Pedro Marques Lopes
– Diário de Notícias, opinião
Por iniciativa do
Presidente da República, foi fundado em 2012 o Conselho da Diáspora. Segundo o site
na internet, o objetivo é construir "uma rede de portugueses e
lusodescendentes, que residem no exterior, com o propósito de elevar a
reputação de Portugal no mundo". Estamos assim perante as melhores
intenções.
A segunda reunião,
realizada na semana passada, passou para os media como um encontro de
emigrantes de sucesso que iam ajudar, nas palavras de Cavaco Silva, a
"corrigir alguma desinformação que existe sobre o nosso país e assim
ajudar a melhorar a credibilidade do País e a difundir as suas
potencialidades".
Deixemos de lado a
expressão emigrantes de sucesso, não nos preocupemos em perguntar o que é um
emigrante malsucedido e se não seria mais importante dedicar algum tempo aos
nossos compatriotas não bem-sucedidos, digamos assim. Também não vale a pena
questionar de que tipo de desinformação Portugal está a ser alvo e quem são os
promotores de tão vil manobra. Palavras tontas e teorias da conspiração não
merecem muita prosa.
Não há registos,
mas espero que, já que se falava de emigração, se tenha aproveitado para falar
do que foi, a par do desemprego, uma das grandes catástrofes de 2013: a
emigração de 120 mil portugueses. Temo que não. Temo que se tenha perdido o
tempo todo na preparação de networking, em trocas de cartões para futuros
negócios, em relatos das histórias de sucesso, em comentários sobre as
maravilhas que os mercados internacionais dizem da nossa austeridade. É que não
há manobra de charme junto das comunidades estrangeiras, não há ataque a
desinformação que responda a esta pergunta: se o País é tão bom e tem tão boas
condições, por que diabo fogem 120 mil pessoas, a esmagadora maioria na força
da idade, bem formadas e qualificadas?
Portugal tem uma
longa história de emigração. Uma história com demasiadas vertentes, demasiadas
razões, demasiadas causas para que se possam analisar todas em meia dúzia de
linhas. Mas é, sobretudo, uma história de falta de horizontes, de falta de
perspetiva, de desespero, de miséria e, mais vezes do que imaginamos, de fome.
Aqueles 120 mil que
saíram de Portugal não falharam em Portugal, Portugal é que lhes falhou. Saíram
das faculdades, dos subúrbios das cidades. Desta vez não são os que fugiam da
vida do campo, analfabetos ou semianalfabetos que passavam a salto a fronteira,
nos anos 50 e 60. Tempos que nos prometeram que não voltariam a acontecer.

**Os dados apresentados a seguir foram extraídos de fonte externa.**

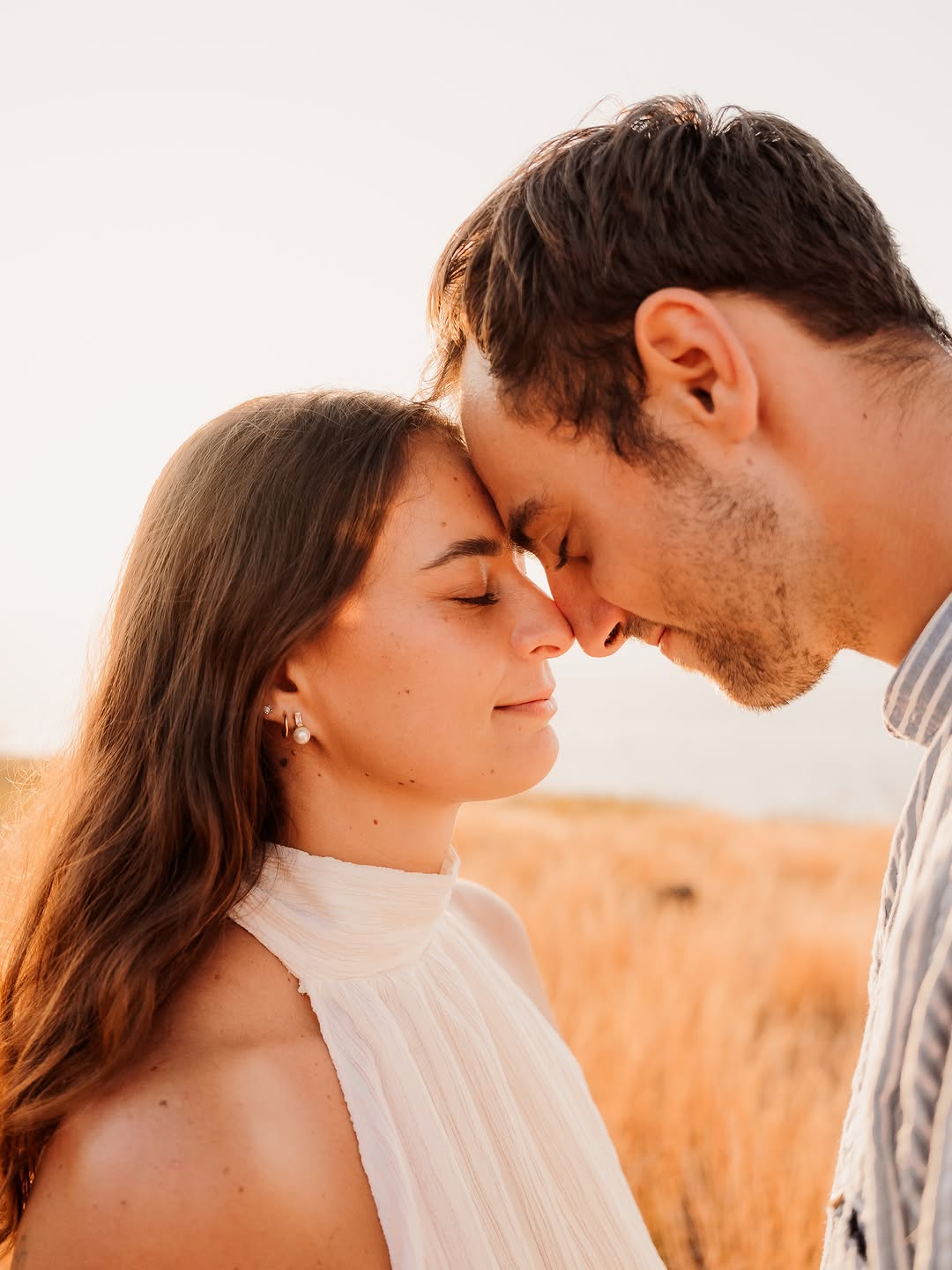 Plus que quelques semaines avant leur grand jour ! 💫

Un petit aperçu de leur shooting d’engagement de juin à la Savane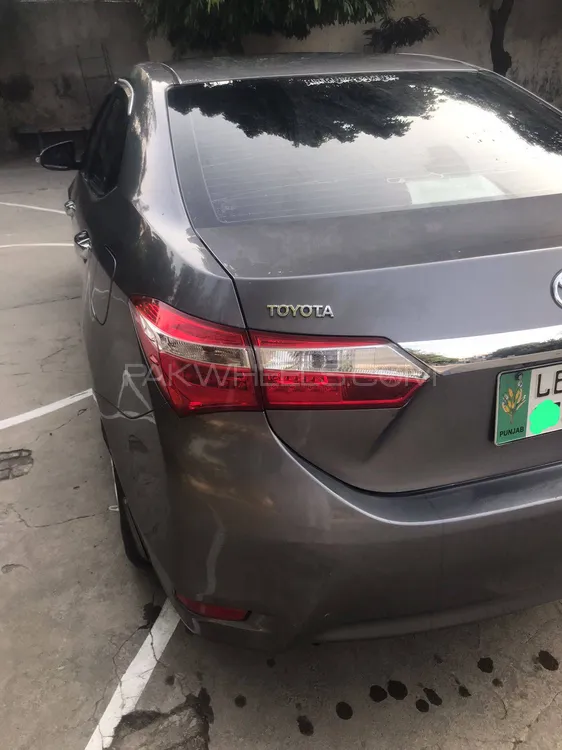Toyota Corolla 2015 for Sale in Gujranwala Toyota Corolla 2015 for Sale in Gujranwala Image-2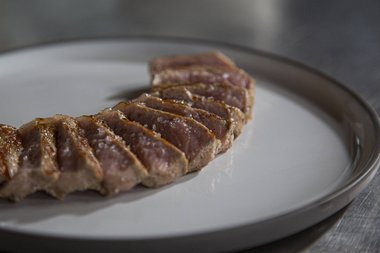 Genieße dein Kalbfleisch.
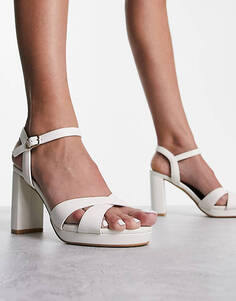 Белые босоножки на каблуке с перекрестием New Look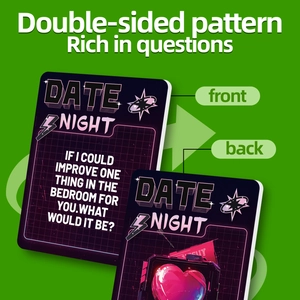 Vista detallada de tarjetas Date Night de doble cara con frases románticas y diseño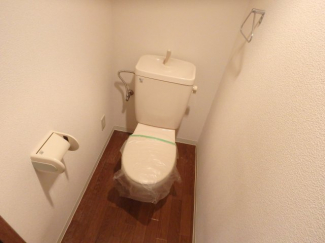 コンパクトで使いやすいトイレです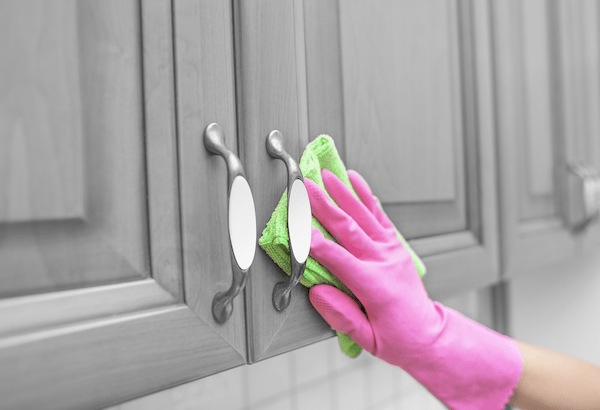 proper cleaning of kitchen cabinets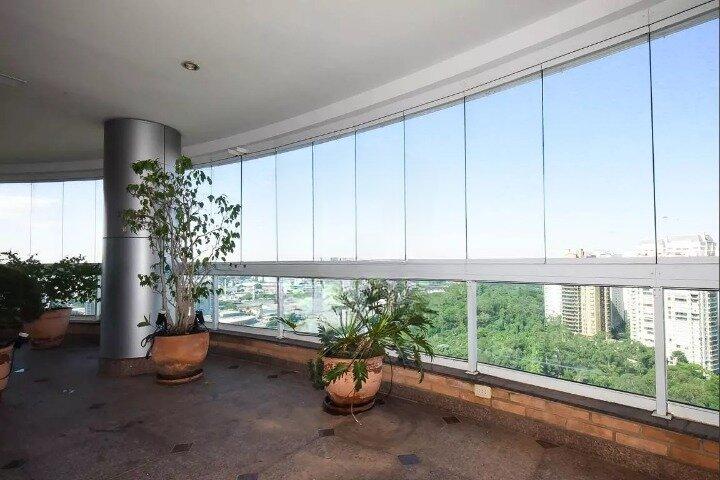Apartamento para alugar com 4 quartos, 4 suítes, 6 vagas e 385m² no Panamby, São Paulo (SP) — foto 2 de 30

Situações que seriam parte de uma má memória que a integração na Europa e a correção
dos nossos endémicos problemas iriam resolver. De facto, já não se foge a
salto, os que vão não são analfabetos, mas os nossos continuam a ter de partir.
Estes que agora
saem são filhos e filhas de gente que se sacrificou para lhes dar cursos superiores.
Que acreditou que estava a construir um futuro diferente para os filhos e para
a comunidade. Alguns, filhos e filhas de gente que emigrou para que eles não
tivessem de sair da nossa terra.
Acredito que a
maioria destes 120 mil e de tantos outros que também partirão e de outros
tantos que já partiram, aqueles que desperdiçamos, aqueles em quem tanto
investimos, não serão os ocupantes de bidonviles das novas Franças. Muitos
serão bem-sucedidos, não no léxico provinciano do Conselho da Diáspora, mas tão
simplesmente assumindo que terão uma vida sem grandes problemas, que poderão
criar sem sobressaltos de maior os seus filhos e poderão exercer a profissão
para que foram formados. Farão, com certeza, muito pelos países onde viverão.
Nem tudo se perdeu: pelo menos a nossa comunidade ajudou-os a prosperar noutro
lado.
Para a nossa
comunidade é mais uma catástrofe, repito. Ao desperdiçarmos tanta gente
arrasamos o nosso potencial de crescimento, hipotecamos a próxima geração,
criamos ainda de forma mais vincada um país de crianças e velhos, talvez mesmo
só de velhos: um país sem futuro.
Era capaz de jurar
que os promotores do Conselho da Diáspora ainda não perceberam isto, nem se
maçaram sequer a levantar estas questões.
A nossa emigração é
tantas vezes a história de grandes sucessos individuais, de aventuras, de
feitos extraordinários, mas é sobretudo a prova de um enorme falhanço como
comunidade. Um falhanço demasiadas vezes repetido.